Offener Brief an den Bundeskanzler

 

Sehr geehrter Herr Bundeskanzler,

jeder Mensch ist gleich. Jeder Mensch hat den gleichen Wert. Es steht uns nicht zu, Menschen in wertvoll und nicht wertvoll zu unterteilen. Gemäß diesem Grundsatze war ich gespannt, wie Sie sich in Ihrer neuen Rolle verhalten würden. Ich bin nicht nur enttäuscht, ich bin entsetzt.

Ich darf Sie zitieren:
„Wir werden es uns nicht gefallen lassen, dass eine winzige Minderheit von enthemmten Extremisten versucht, unserer gesamten Gesellschaft ihren Willen aufzuzwingen.“

Es klingt fast so, als ob Sie von sich und der neuen Regierung sprechen würden. Wenige herrschen hier über Viele, und enthemmt ist die Politik allemal, auch wollen Sie uns ihren Willen aufzwingen.

Würden Sie von sich sprechen, so wäre ich etwas beruhigter, da ja Einsicht bekanntermaßen der erste Schritt zur Besserung sein kann.

Sie urteilen hier über Menschen. Nicht über eine winzige Minderheit, sondern über mehrere Millionen. Und selbst wenn es eine Minderheit wäre, so sollte auch diese Gehör finden. Sie urteilen sie ab, Sie verurteilen diese, sie drohen.

Aber gut, was soll man von einem Mann erwarten, der selbst zugibt, dass es für ihn keine roten Linien gäbe, dass er also bereit wäre alles zu tun, was er selbst für nötig erachtet, vielleicht eben auch ohne Rücksicht auf Verluste?

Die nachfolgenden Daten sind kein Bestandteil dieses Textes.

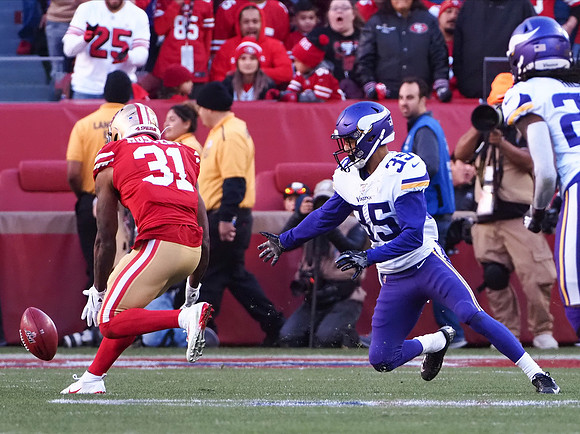 NFL: NFC Divisional Round-Minnesota Vikings at San Francisco 49ers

Ich hoffe sehr, dass ich Sie hier missverstanden habe, aber mit dieser Rhetorik wurde bereits eine rote Linie überschritten.

Was uns Menschen einen sollte sind Ethik, Werte und Moral. Dazu gehört auch, Versprechen zu geben, die man halten kann und zu seinem Wort zu stehen. Sie allerdings brechen ihre Versprechen in Rekordzeit. Ich wurde so nicht erzogen.

Können Sie sich im Spiegel betrachten?

Wie kommen Sie dazu, über mich zu urteilen? Sie kennen mich nicht, sie wissen nichts über meine Sorgen, meine Gedanken, meinen Bildungshintergrund und mein Leben, es interessiert Sie allem Anschein nach auch nicht. Das finde ich sehr traurig und erschreckend, denn auch ich bin Bürgerin dieses Landes, auch ich zahle Steuern, auch ich habe Grundrechte.

Ich habe mir über Sie mein Urteil gebildet. Anders als Ihnen, die Sie über mich urteilen, standen mir hierfür genügend Aussagen und Verhaltensweisen zur Verfügung.

Es tut mir leid, so offen sein zu müssen, aber ich kann keinen Respekt vor Ihnen empfinden, vielmehr macht sich eine tiefe Abneigung breit. Das wiederum macht mich traurig.

Sollten Sie diesen Brief zu Ende gelesen haben, was ich zu bezweifeln wage, so dürfen Sie sich gerne ein Urteil über mich bilden. Ich versuche, es Ihnen ein wenig leichter zu machen. Ich verfüge über ein abgeschlossenes Hochschulstudium, habe tatsächlich 2 Harvard-Zertifikate, bin Autorin mehrerer Fachbücher, Soziologin, lehne Diskriminierung und Radikalismus zutiefst ab und betrachte Menschen als wertvoll, ganz gleich woher sie kommen, welche Hautfarbe sie haben und welcher Religion sie angehören.
Menschen sinken dann in meinem Ansehen, wenn sie sich nicht ethisch verhalten.